> **DATA SECTION**:
*** Block opens ***

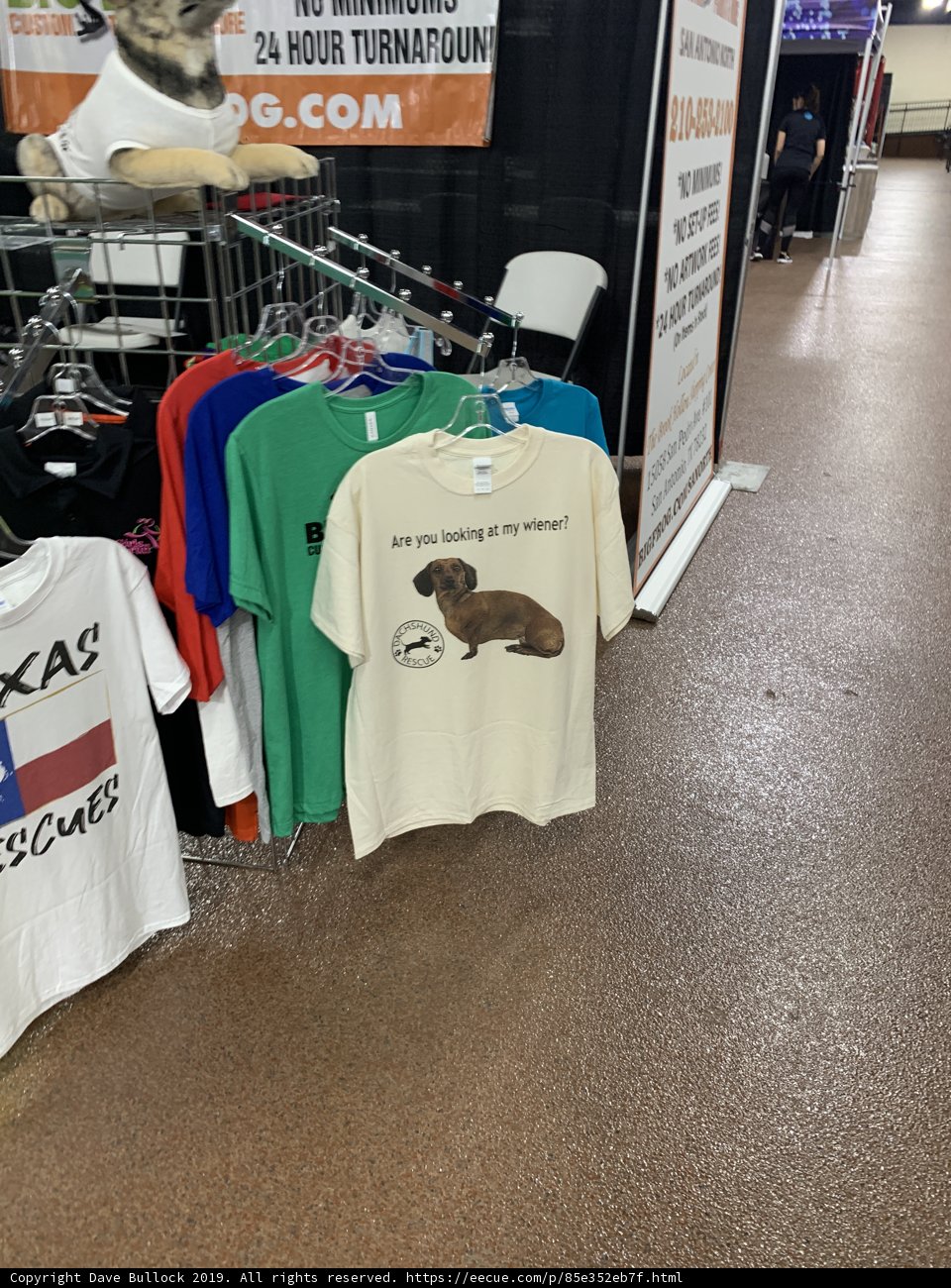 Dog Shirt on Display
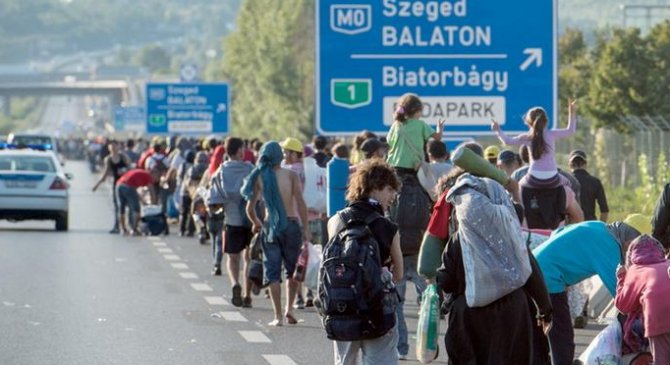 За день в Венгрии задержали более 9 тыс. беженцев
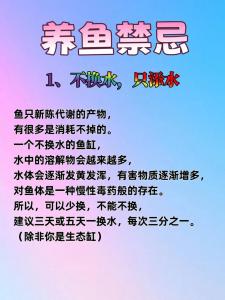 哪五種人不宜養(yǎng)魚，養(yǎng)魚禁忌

*** Block closes ***

Omitting the images, copy the listing exactly.

> **YOUR RESPONSE**:
 Dog Shirt on Display
 За день в Венгрии задержали более 9 тыс. беженцев
 哪五種人不宜養(yǎng)魚，養(yǎng)魚禁忌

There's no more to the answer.